How do I assign more weight to more recent observations in R?

I assume this as a commonly asked question or desire but I have a hard time figuring out exactly how to implement this. I have tried to search alot for this but I am unable to find a good practical example.

In my example I would have a large dataset over time. I want to say apply some sort of exponential weighting of the rows of data that are more recent. So I would have some sort of exponential function saying observations in 2015 are ___ more important to training the model than observations in 2012.

My dataset variables contain a mix of categorical and numerical values and my target is a numerical value – if that matters.

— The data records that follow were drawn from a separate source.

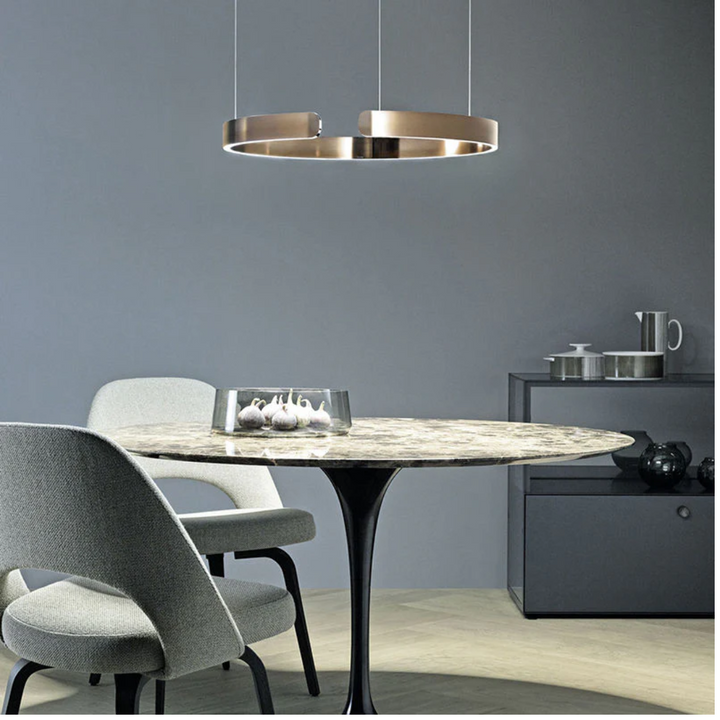 Luvikno | Moderne Sirkel LED Pendellampe - HaloRing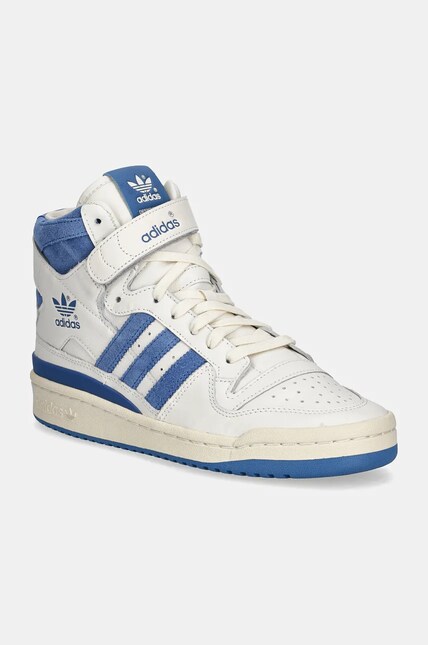 碧い月① Кожаные кроссовки adidas Originals Forum 84 Hi цвет бежевый IF9675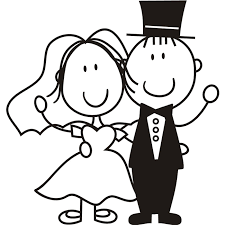 Free Bride And Groom Silhouette Clipart Black And White Download Free Clip Art Free Clip In 2020 Bride And Groom Cartoon Bride And Groom Silhouette Wedding With Kids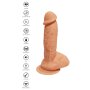 Silicone Vibrating Dildo Light skin tone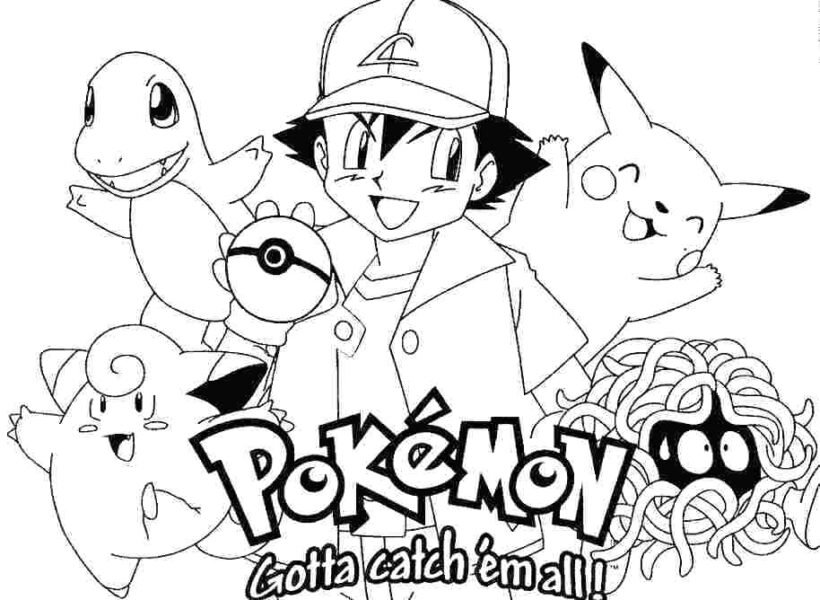 Hình tô màu Pikachu đẹp nhất cho bé tập tô (4)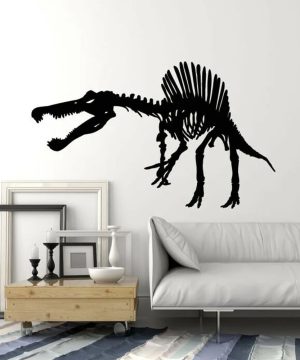 Großer Gothic-Wandsticker Dino-Skelett Jurassic Park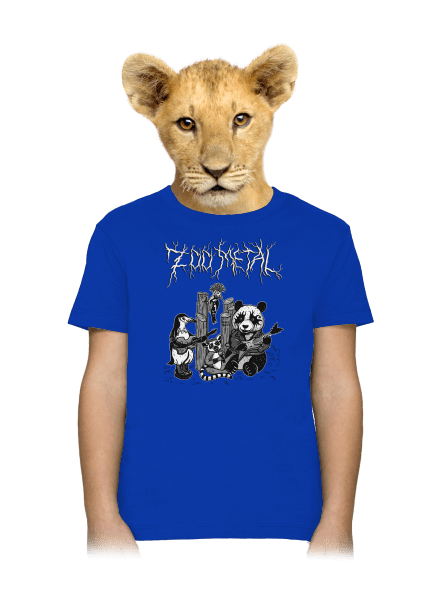 ZOO metal gyerek póló Royal Blue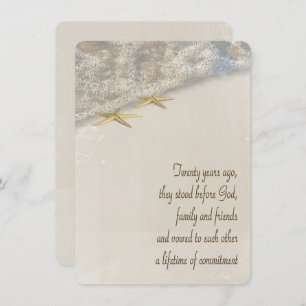 Convite Renovação do Vow Starfish para 20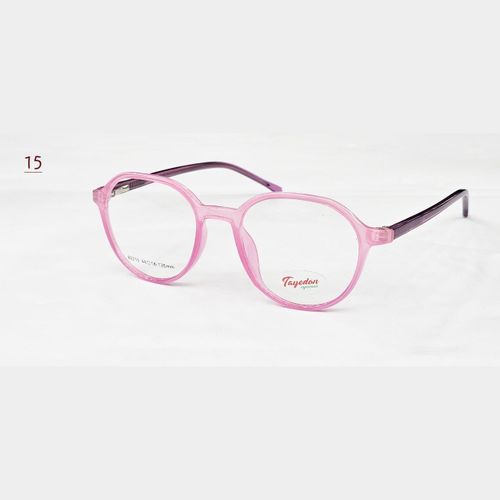 Children’s eyeglasses made from lightweight, durable TR material for comfort and flexibility. Features reinforced temples for added strength and stability, plus Italian spring hinges for greater flexibility and everyday durability.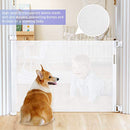 Retractable Baby Gate OTTOLIVES Mesh Safety Gate, Extra Wide 34" Tall (White) - Brand New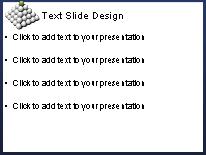 Subordinate Stack Green PowerPoint Template text slide design
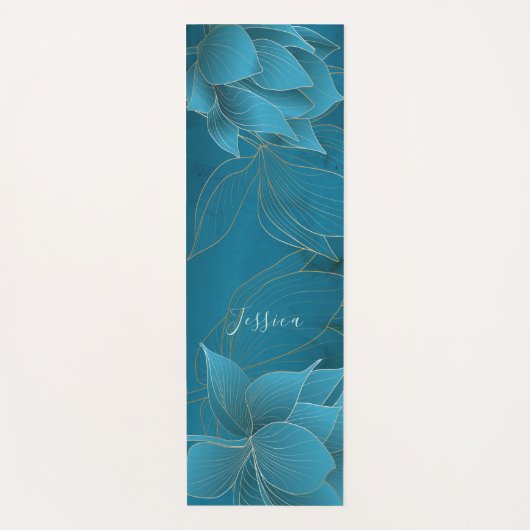 Luxuriegoud en turquois Persoonlijk Yoga Mat (Voorkant)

I would want to test/try this out using models such as GBM/Random Forest, ideally in the CARET package.

update-question

I appreciate response given below on how to exponentially decay the weight by the date distance between two points.

However, when it comes to training this model in caret, how exactly do the weights factor in? The weight value in each of the training rows is the distance between some point in the future and when that point historically occured.

Do the weights come into play only during the prediction? Because if they come into play during the training, wouldn't that cause all sorts of problems as various cross-folds would have varying weights, trying to predict something that may have actually at a point in time before it?

Best Answer

How do I assign more weight to more recent observations in R?

I guess you have a timestamp associated with each observation. You can compute a variable timeElapsed = modelingTime - observationTime. Now you apply a simple exponential function as W=K*exp(-timeElapsed/T), where K is a scaling constant and T is the time-constant for the decay function. W works as case-weight.

To the best of my knowledge, many function in caret allow weight as a parameter, which is a column of case-weights to be provided to corresponding observation(thus having same length as #rows).